2. Unbelievably Low Quote
You know that saying, “if it sounds too good to be true, it’s too good to be true?” Well, while there are exceptions to this old adage, any contractor who quotes you way less than other contractors is most likely too good to be true. This is usually a tactic to reel in business to then raise the price during the project.
3. Hefty Down Payment (Paid Cash, no less)
At R.L. Hayes Roofing & Repairs, we believe a good rule of thumb is to get at least 3 estimates or bids on your roofing project and to ask each roofer what needs to get fixed or replaced.
Say a contractor does not provide a really low quote, which would trigger a red flag. There are scammers who actually ask for a large down payment and assure you this is commonplace to cover all the material costs and labor with prices going up. Unfortunately, if you were to agree and pay that down payment, the scammer could very well take your money, especially when you pay in cash for a price break at their insistence, and disappear without doing any work to your roof.
To avoid this altogether, you should seek a contractor who asks for a reasonable down payment of about 15% or less of the total estimate and clearly outlines all payment terms in a solid contract. The Better Business Bureau is a good resource for tracking scammers and a guideline of what to look for.

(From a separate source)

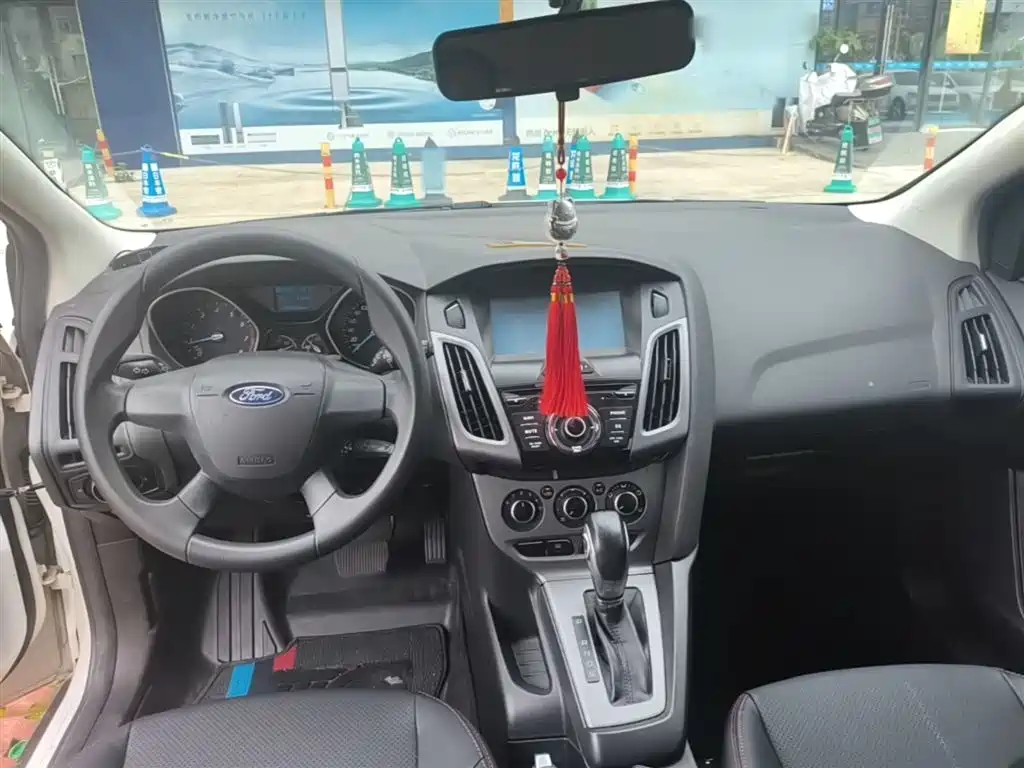 Ford Focus 2014 — фото 10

4. Special Deals on Materials
Now, there are some instances where a contractor may actually offer you a special deal to use discounted or even leftover materials. You should, however, be wary of these types of price breaks because it does not mean that those roofing materials are durable enough for your roof to be in excellent condition for years to come.
Not to sound like a broken record, but the best thing you can do is to get quotes and specific project details from at least three different roofing companies and thoroughly research the materials they plan to use to repair your roof. Don’t just take our word for it! If a roofer is transparent, they will not take offense to you wanting to look further into it. At the end of the day, it’s your money and your heartache later if you go with the wrong roofer.
5. Insurance Fraud
A contractor without the proper license or contractor’s liability insurance is a contractor you do not want to bother with. Moreover, if a roofer asks you to sign over an insurance check or offers to pay your insurance deductible, they may just be trying to commit insurance fraud, which is when the roofer takes the larger payment from the insurance company and pockets the additional funds.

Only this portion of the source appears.